THE TEACHING OF LEGAL ETHICS AT THE UNDERGRADUATE LEVEL
A Working Paper by Peter MacFarlane[*]
It is hoped that university law schools will introduce courses in legal ethics. It is regrettable that there has been so little interest in this fundamentally important topic on the part of our higher academic institutions. An appropriate ethical foundation is critical to the future generation of lawyers. 
I particularly welcome the emphasis in the [Australian Law Reform] Commission’s report on the responsibilities of professional bodies and law schools to develop high-level professional skills and an appreciation of ethical responsibilities in future lawyers. 
Commissions, Reports and individual judges have, for a number of years, been calling on legal educators to place more emphasis on the teaching of legal ethics as part of the undergraduate degree.  Warren Burger former Chief Justice of the United States Supreme Court said in 1980 that the law school has a “profound duty and a unique opportunity to inculcate principles of professional ethics and standards in its students”.  This is because the ethical perspective is fundamental to the teaching of law.

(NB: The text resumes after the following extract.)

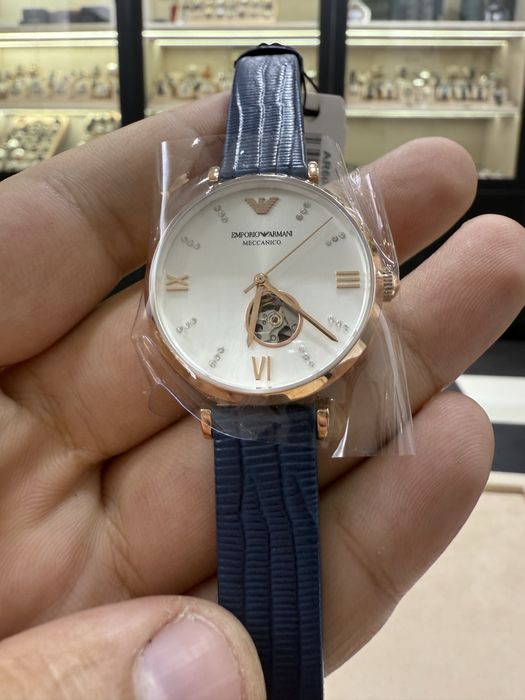 Новогднии Скидки Emporio Armani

Ethics is not something that can be taught and understood by means of a two or three week series of lectures subsequent to graduation. Ethics needs to be understood within the context of learning the law. How can one teach and understand the basic elements of rule of law or the legal process, or the notions of justice or equity, if there is nothing about conflicts of interest, the duty to the court, the ethics concerning the rights of an accused who confesses guilt; or the competing public policy considerations concerning confidentiality.
Whether a law graduate is going to practice as a private lawyer, or as a public prosecutor, or as a government lawyer, or become a plumber or an accountant or a journalist; my view is that, as teachers in law, we cannot ignore the ethical considerations that support and guide the law and the practice of law. 
“You cannot teach people to be ethical”
It is sometimes said that although you can teach and examine rules of professional practice, ‘you cannot teach someone to be ethical.’  At one level of course this is true; however the development of an understanding of what is regarded by the profession as acceptable and moral conduct can be taught.  Ethical principles, as they relate to the law, for example the notion of the law as a profession  , or the role of lawyers in the administration of justice, the giving of undertakings, the lawyer as an officer of the court; these principles and traditions can be passed-on and this is the most that can be expected of any area of knowledge.
Whether the knowledge is applied, depends upon a number of considerations, not the least being the view of life taken by the individual in terms of what is right and wrong. However, like teaching in any other disciplinary area, teaching legal ethics can persuade and challenge and sometimes change a students’ perspective on questions of moral conduct and good practice. Psychological research indicates that significant changes occur during early adulthood in peoples’ basic strategies for dealing with moral issues. Over 100 studies evaluating ethics courses found that well-designed currcicula can significantly improve capacities for moral reasoning. 
Quite apart from these challenges, for many students, these discussions can be among their most memorable classroom experiences.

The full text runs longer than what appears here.